ボーイング幹部による証言は2件の墜落事故後初めて。また、ボーイングに過失があったことを幅広く認めるのも今回が初めてとなる。
ミューレンバーグCEOは、計346人が死亡した2件の墜落事故につながったとされる機体の失速を防ぐためのシステム「MCAS」について、パイロットに十分な情報を提供していなかったことや、システムに懸念を示す社内通信の存在が明らかになったにもかかわらず、米連邦航空局(FAA)に数カ月間報告を怠っていたことを認めた。失速防止システムのソフトウエア改修や安全管理や透明性の向上に向けた社内および取締役会の変更についても説明した。
ボーイングのテストパイロットが2016年時点でMCASの問題を認識していた可能性が社内のやり取りから今月明らかになり、ボーイングがFAAを欺いていた可能性が指摘されている。[nL3N2734F3]

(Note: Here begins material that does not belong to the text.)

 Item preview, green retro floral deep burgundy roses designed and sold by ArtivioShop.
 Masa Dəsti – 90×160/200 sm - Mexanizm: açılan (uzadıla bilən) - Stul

ミューレンバーグCEOはFAAに対する報告の遅れを謝罪。「今後全面的に協力していく」とし、追加文書を今後提出する可能性があると述べた。
さらに、旧型機に搭載されていた安全装置を737MAX機ではオプション機能としていたことをFAAに1年強報告していなかったことについても「過失だった」とし、MCASの追加情報をパイロットに提供する必要があったと認識していると語った。
墜落事故と同様のシナリオに基づくMCASの試験を実施しなかったのは誤りだったかという議員の質問に対し、公聴会に同席したボーイング商用機部門のチーフエンジニア、ジョン・ハミルトン氏は「結果論で言えば、誤りだった」と回答。しかし、ミューレンバーグ、ハミルトン両氏ともに、同システムの認可取得にエンジニアやパイロットが広範な試験を実施したとも強調した。
ミューレンバーグCEOは1件目のライオンエアの墜落事故後になぜ737MAXを運航停止にしなかったのかとの質問には、「過去に戻れるなら、違った決断を下すだろう」と語った。
証言に先立ち、ミューレンバーグCEOは辞任するのかとの質問に「私が焦点を置いている問題ではない」と回答。737MAX機の運航再開後、辞任について自身や取締役会が検討するかとの質問にも応じなかった。